The Scottish Community Development Centre developed this set of national standards as a means of assuring good public process between communities and agencies. The standards are seen as a fundamental part of community planning while acknowledging the importance of increasing inclusion of minorities and disadvantaged populations. The standards were originally developed in 2005 and have been in wide use in Scotland. The standards address how organizations with a public-interest focus can improve: involvement of stakeholders, overcoming barriers in participation, project planning, methods assessment, team collaboration, information sharing practices, implementing feedback mechanisms, and more. There is a focus on measuring indicators and community-led action research though implementation guidelines are lacking.
Margerum, R. D., & others. (2011). Beyond Consensus: Improving Collaborative Planning and Management, MIT Press: Cambridge Mass.

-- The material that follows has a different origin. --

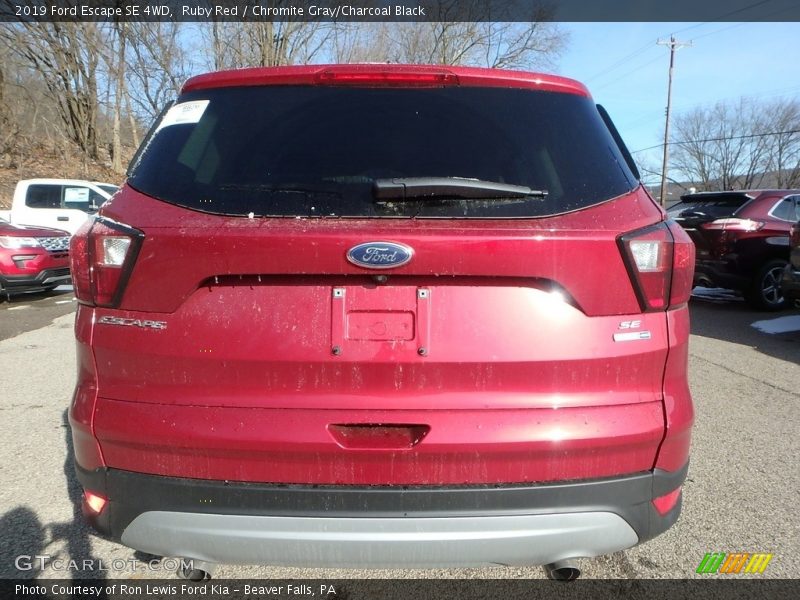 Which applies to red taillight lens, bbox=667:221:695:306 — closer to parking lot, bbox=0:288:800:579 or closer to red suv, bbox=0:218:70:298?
parking lot, bbox=0:288:800:579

This book highlights severali mportant parts of conducting a consensus meeting which is getting the right people into the group, how the participants are collaborating, and effective product generated from consensus.These chapters go in to great detail on each of these topics and cite numerous case studies as evidence of what to do, and what not to do. This book is useful because it shows real world examples of many of the problems that can arise from convening a consensus meeting. It illustrates that the consensus meeting starts long before the group sits down to collaborate and its results may effect projects for years after. The case studies are from a range of governmental management and the focus of this book is how to have consensus meeting have a tangible effect on management and policy.
Steven Teles & Mark Schmitt, The Elusive Craft of Evaluating Advocacy, STANFORD SOCIAL INNOVATION REV. (2011)

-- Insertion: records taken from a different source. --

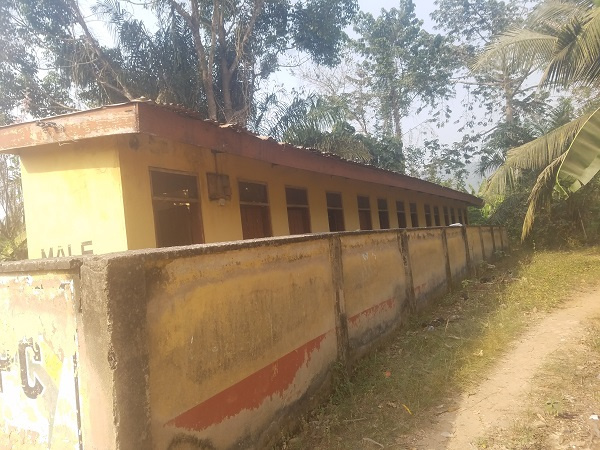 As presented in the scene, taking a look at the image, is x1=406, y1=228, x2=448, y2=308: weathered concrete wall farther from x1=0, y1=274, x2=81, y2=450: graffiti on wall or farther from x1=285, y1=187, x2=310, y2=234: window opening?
x1=0, y1=274, x2=81, y2=450: graffiti on wall

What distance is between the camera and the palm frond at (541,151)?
10.7 metres

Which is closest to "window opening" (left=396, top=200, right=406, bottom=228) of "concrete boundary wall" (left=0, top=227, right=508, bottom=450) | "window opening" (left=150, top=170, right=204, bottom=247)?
"window opening" (left=150, top=170, right=204, bottom=247)

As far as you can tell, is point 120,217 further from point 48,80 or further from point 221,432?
point 48,80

This paper focuses on advocacy as a method of shaping public policy or for social good. It talks about tools that can be used to evaluate these and other advocacy efforts. The paper argues that advocacy evaluation should be seen as a form of trained judgement rather than a method. This judgement involves a clear understanding of the politics of the issue in question, strong networks with key players and an ability to assess organizational quality. To carry out such an advocacy evaluation it is important to understand the context in which the advocates and service providers work in the real world. The author does this giving cases of past reform efforts such as the health care reform among others. It further points out that services and advocacy are different and would therefore require different methods of evaluation. The factors that make advocacy efforts effective as well those that are limiting are also addressed. Though organizations often devise methods of advocacy that can be replicated, the author argues that not all them can be applied to every other organization successfully. This is why it is important to consider the context. To conclude the author suggests that when doing advocacy evaluation the ‘proper unit of analysis is the long-term adaptability, strategic capacity and ultimately influence of organizations themselves.’
Ginwright, S. A., Noguera, P., & Cammarota, J. (Eds.). (2006). Beyond resistance!: Youth activism and community change: New democratic possibilities for practice and policy for America’s youth. Routledge.

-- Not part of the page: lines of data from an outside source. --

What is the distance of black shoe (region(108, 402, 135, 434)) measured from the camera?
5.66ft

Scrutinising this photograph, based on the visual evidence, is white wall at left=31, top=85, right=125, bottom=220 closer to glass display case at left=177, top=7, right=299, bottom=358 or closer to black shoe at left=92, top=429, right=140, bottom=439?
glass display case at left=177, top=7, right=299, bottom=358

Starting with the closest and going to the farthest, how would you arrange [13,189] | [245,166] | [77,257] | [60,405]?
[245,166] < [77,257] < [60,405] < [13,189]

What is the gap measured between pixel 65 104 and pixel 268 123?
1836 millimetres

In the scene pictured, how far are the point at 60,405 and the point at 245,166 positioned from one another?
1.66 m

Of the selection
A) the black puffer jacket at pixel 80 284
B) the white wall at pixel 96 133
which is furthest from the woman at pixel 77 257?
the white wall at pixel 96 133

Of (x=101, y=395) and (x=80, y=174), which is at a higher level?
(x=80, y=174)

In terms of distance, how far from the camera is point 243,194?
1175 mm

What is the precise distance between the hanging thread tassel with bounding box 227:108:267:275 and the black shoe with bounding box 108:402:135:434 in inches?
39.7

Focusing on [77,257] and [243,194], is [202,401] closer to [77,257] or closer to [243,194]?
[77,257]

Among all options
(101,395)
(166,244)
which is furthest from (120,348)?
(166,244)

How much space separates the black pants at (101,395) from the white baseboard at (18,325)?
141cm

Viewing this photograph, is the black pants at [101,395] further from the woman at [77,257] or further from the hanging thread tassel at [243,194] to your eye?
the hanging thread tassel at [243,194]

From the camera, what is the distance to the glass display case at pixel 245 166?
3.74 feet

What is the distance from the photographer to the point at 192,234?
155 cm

This book is a collection of work by different researchers that was inspired by a question on how educational researchers can make actual contribution to policy on the subjects that they work on. It focuses on youth activism as a means of social change. The book’s main argument is that youth activism plays a central role in shaping democratic processes that lead to social change such as the fight to end apartheid in South Africa. The work by the authors here is based on what happens when the youth are not given a chance to take part in social movements. Under restriction and prohibition, how do young people try to push and agitate for social change, what alternative means do they use? This book is also concerned with the mechanisms that restrict active participation of the youth in social movements especially youth of colour. It offers a comprehensive discussion of how young people respond to major patterns of institutional failure in their schools and communities.